One syntax to rule them all

Last modified on 2008/03/08



General design philosophy

  • No need for visual environment, only a text editor

  • A tool, not a solution

  • No magic - flexible rather than extensible

  • By default allow

  • By default as in C/C++/C#

Why lists, records and tuples?

The three data constructs are most often found in existing languages. For example in C we have arrays (lists), structs (records) and function arguments (tuples). In relational data bases we have tables, which are simply lists of records.

One might also consider sets, maps, matrices, isomorphisms and many other, but I chosen only the smallest possible set, which makes it possible to describe anything. Thus, there is only one construct for collections (list) and one for single entities (record). Tuples were added later mainly as a convenient abbreviations of records.

Using these three constructs you can express all other adding tags to describe the intended meaning. For example:

// The tag describles that elements cannot repeat

set { 1, 2, 3 }

// The arrow is a syntactic sugar operator

map { "Bob" -> 23, "Alice" -> 21 }

// Matrix as a tuple of dimensions and values

matrix( 2, 2 ):


2 1

3 0


Why curly braces for lists, round for records and tuples?

  • Because that way it is in the C-family syntaxes (for lists and tuples)

  • Same bracing for records and tuples because they are closely related

Why the C-family syntax?

There are generally 3 syntax families:

  1. C - braces for grouping

  2. Pascal - begin-end for grouping

  3. Python - indentations for grouping

I have chosen the C-like approach, because the other options are good only for grouping of statements, but not for grouping of numbers and other general data. Braces can be used for both multi-line and single-line collections leaving more options to the users.

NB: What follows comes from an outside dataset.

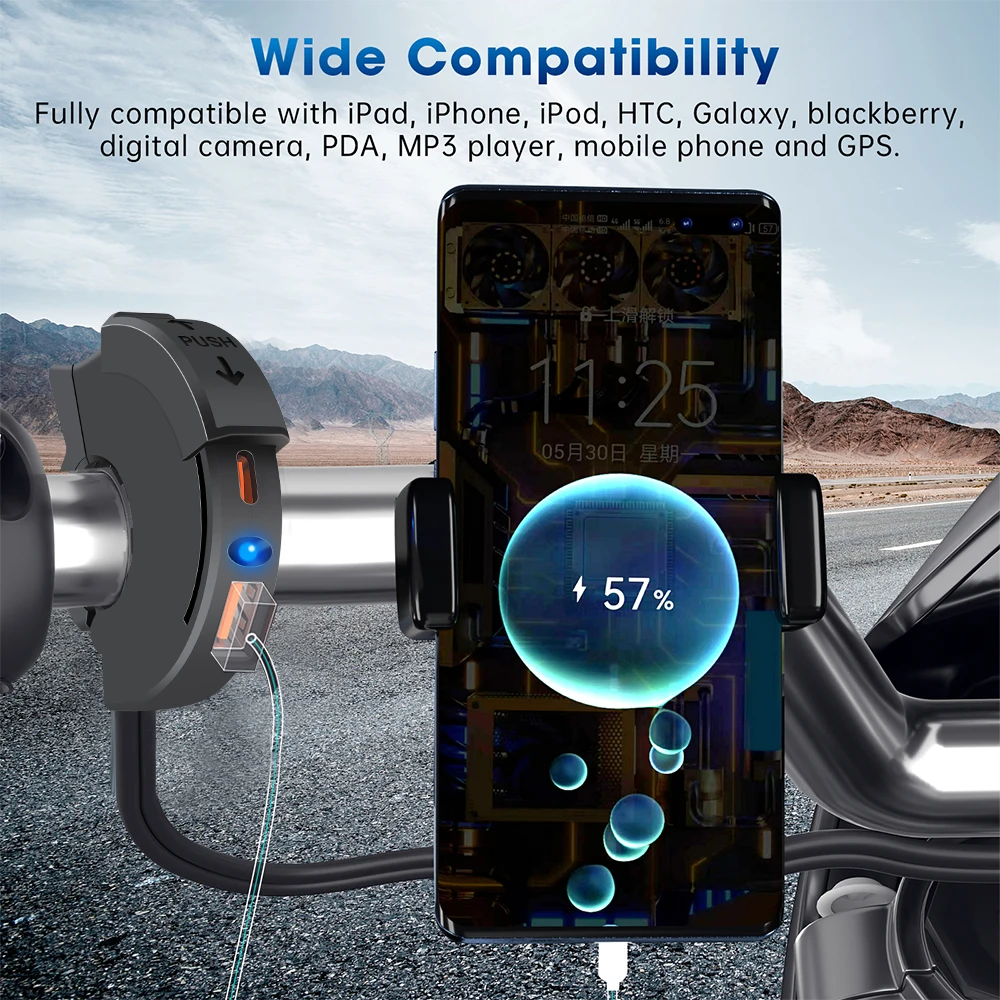 48W Motorcycle Fast Charger QC3.0 18W PD 30W Handlebar Charging Bracket Waterproof Bike Phone Charger 12/24V Socket Adapter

Yaml data language has a mixed solution - it basically uses indentations, but also offers braces for single-line grouping. I think it is an unneccessary complication of the language, although I admit that it allows creating data documents that look nearly as text documents written by a non-programmer.

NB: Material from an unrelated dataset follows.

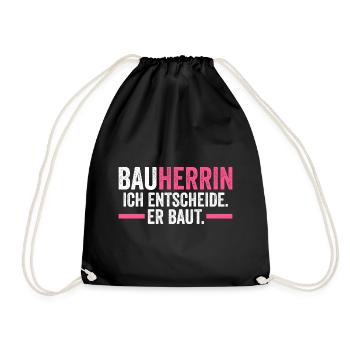 Bauherrin - Turnbeutel - Schwarz - Vorne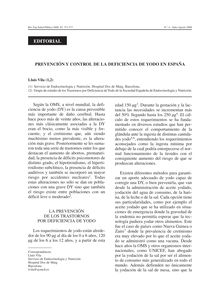 PREVENCIÓN Y CONTROL DE LA DEFICIENCIA DE YODO EN ESPAÑA (Prevention and Control of lodine Deficiencies in Spain)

Why operators and their priorities cannot be user-defined?

Because expressions couldn't be parsed (understood) without knowledge about some non-local context. User-defined operators would create language extensions, which I wanted to avoid (no magic!).

Without that feature, Harpoon remains simple, yet very flexible. It is neccessary to add some seemingly superfluous parentheses and spaces, but on the other hand user can use unlimited set of operators and always knows which one applies first. Note also that many programming style guides actually recommend using more paretheses that it is required (e.g. this one).

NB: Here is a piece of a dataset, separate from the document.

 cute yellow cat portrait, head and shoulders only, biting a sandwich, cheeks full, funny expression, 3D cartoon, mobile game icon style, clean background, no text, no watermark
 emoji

Why tags and identifiers are not distinguished somehow?

It is true that in some situations the same token can be interpreted a tag or as an identifier depending on the context. I was considering adding a special character to tags (e.g. prefix '$'), but then I have suddenly realized that this was already done - whenever the token is followed be a semicolon (one character) it is interpreted as an identifier! I decided no to solve problems which were already solved.